--- MATERIAL FOR THIS EXERCISE Enclosed Below ---

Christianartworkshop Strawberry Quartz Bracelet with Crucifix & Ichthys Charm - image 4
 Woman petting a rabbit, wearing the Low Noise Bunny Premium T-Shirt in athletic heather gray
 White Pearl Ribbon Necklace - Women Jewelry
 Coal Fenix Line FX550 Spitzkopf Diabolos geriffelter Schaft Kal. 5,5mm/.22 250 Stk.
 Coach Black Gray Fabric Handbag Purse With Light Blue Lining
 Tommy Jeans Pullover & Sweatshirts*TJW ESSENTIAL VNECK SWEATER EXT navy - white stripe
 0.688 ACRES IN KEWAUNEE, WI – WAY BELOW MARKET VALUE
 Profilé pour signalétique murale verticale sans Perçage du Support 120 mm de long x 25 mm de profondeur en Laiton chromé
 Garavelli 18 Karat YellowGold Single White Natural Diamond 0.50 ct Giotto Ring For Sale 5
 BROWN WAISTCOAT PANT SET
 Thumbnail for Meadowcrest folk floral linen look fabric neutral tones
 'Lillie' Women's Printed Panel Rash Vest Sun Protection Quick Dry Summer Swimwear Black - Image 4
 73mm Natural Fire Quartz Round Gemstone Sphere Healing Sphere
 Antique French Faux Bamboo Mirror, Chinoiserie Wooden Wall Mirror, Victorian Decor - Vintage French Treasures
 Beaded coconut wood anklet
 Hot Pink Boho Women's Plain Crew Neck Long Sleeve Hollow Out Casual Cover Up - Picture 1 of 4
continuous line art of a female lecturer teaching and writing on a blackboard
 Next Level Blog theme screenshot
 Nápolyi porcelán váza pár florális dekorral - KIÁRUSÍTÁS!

--- End of Enclosed MATERIAL FOR THIS EXERCISE ---

▶ _TASK TO COMPLETE_
Please show all lines from the entries that contain the word "Women".

▶ _RESPONSE AREA_
 White Pearl Ribbon Necklace - Women Jewelry
 'Lillie' Women's Printed Panel Rash Vest Sun Protection Quick Dry Summer Swimwear Black - Image 4
 Hot Pink Boho Women's Plain Crew Neck Long Sleeve Hollow Out Casual Cover Up - Picture 1 of 4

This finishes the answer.